ACTIVITY
In the listing below, a line holding "FOTO: Warna Warni" and a line holding "Ginger + Dandelion" mark the range. Retype both exactly, with all lines between them.

DATASET CONTENT

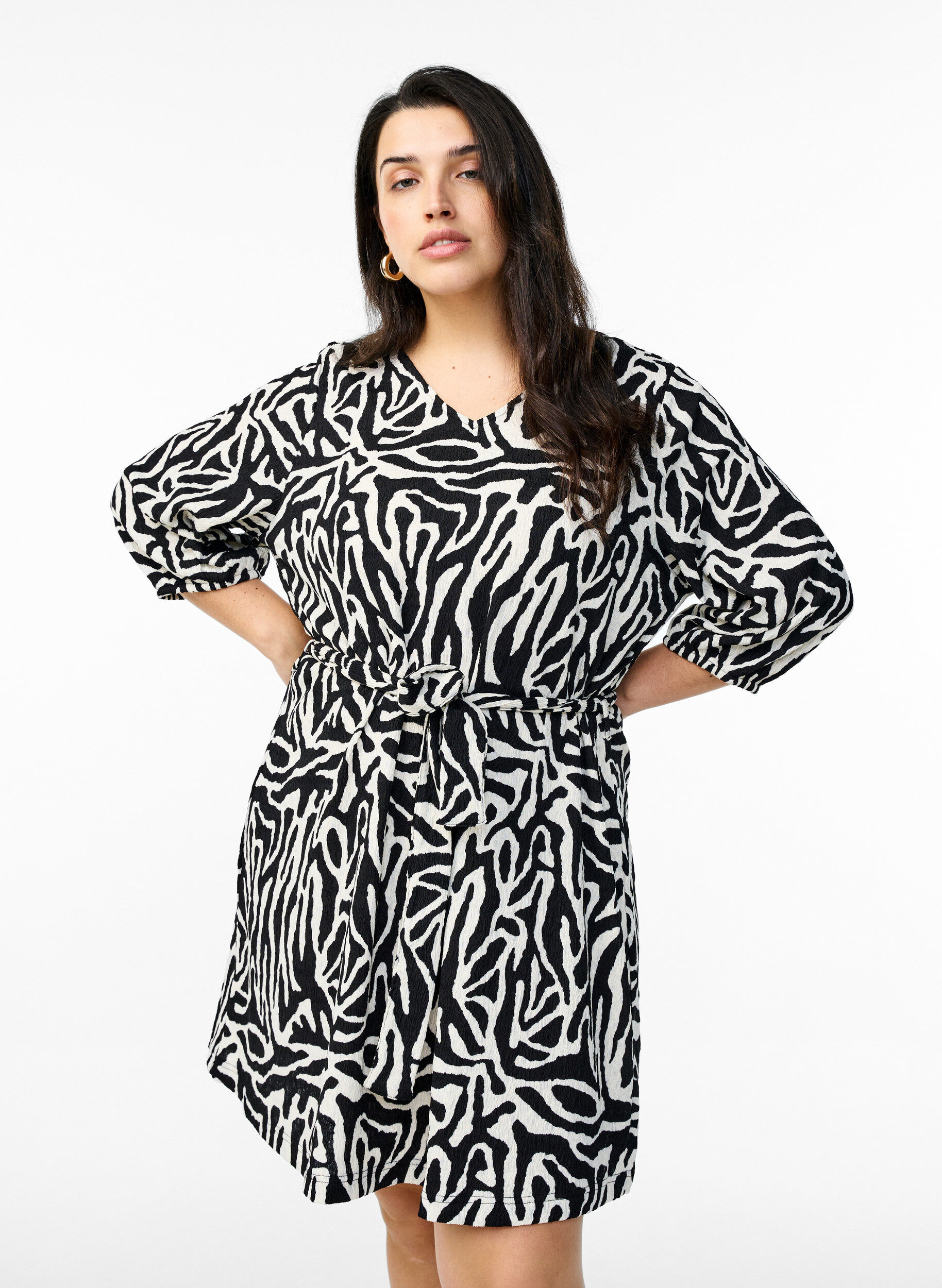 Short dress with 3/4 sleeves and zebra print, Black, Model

---

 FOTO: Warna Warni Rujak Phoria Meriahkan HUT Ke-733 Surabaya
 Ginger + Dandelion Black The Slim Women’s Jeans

SOLVED PROBLEM
 FOTO: Warna Warni Rujak Phoria Meriahkan HUT Ke-733 Surabaya
 Ginger + Dandelion Black The Slim Women’s Jeans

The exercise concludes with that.